▸ Task
Set down, exactly and only, everything from the line containing "55 + Jumbo WhiteX" down to the line containing "Mare, Pinto horses" in the data below; the pictures are not part of the copy.

▸ Data shown
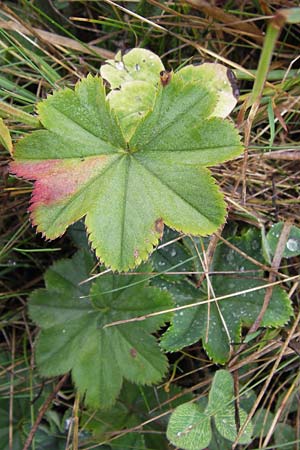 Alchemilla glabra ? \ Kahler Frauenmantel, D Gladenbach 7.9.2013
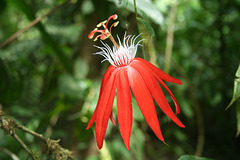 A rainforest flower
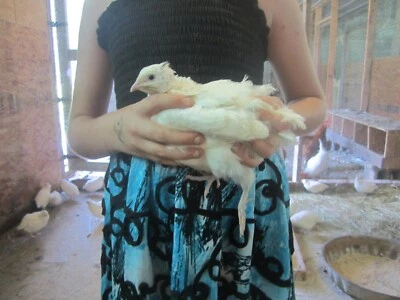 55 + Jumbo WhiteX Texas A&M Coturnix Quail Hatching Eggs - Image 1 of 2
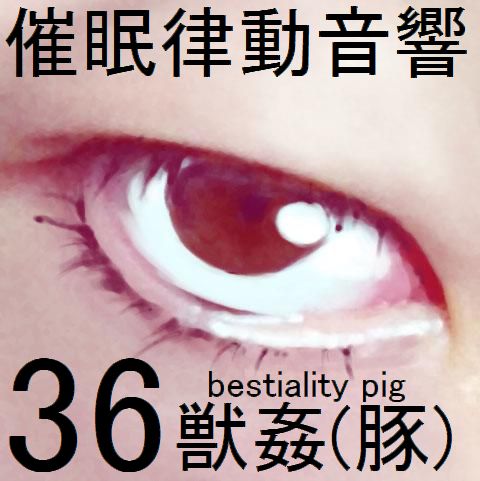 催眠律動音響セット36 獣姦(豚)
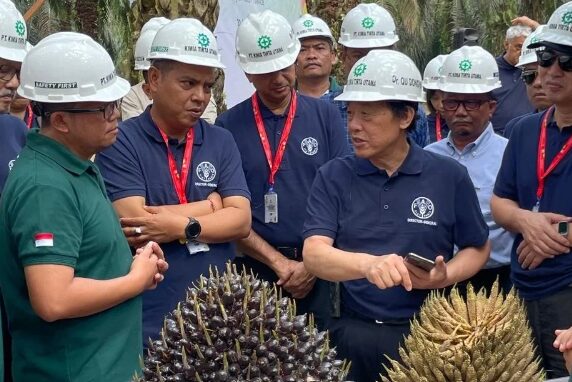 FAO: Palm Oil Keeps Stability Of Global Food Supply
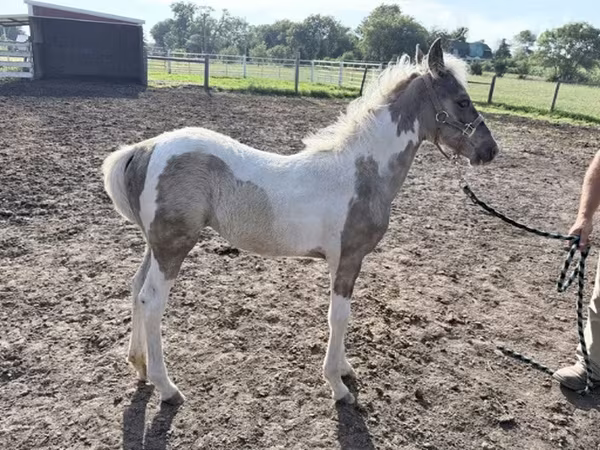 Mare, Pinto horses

* * *

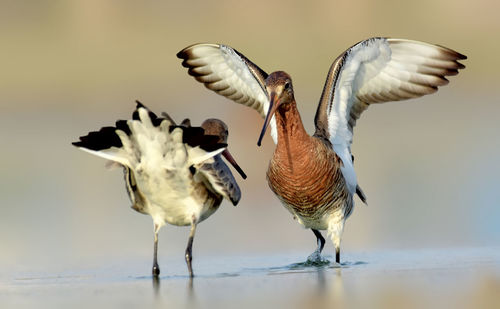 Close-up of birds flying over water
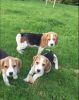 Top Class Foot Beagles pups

▸ Your response
 55 + Jumbo WhiteX Texas A&M Coturnix Quail Hatching Eggs - Image 1 of 2
 催眠律動音響セット36 獣姦(豚)
 FAO: Palm Oil Keeps Stability Of Global Food Supply
 Mare, Pinto horses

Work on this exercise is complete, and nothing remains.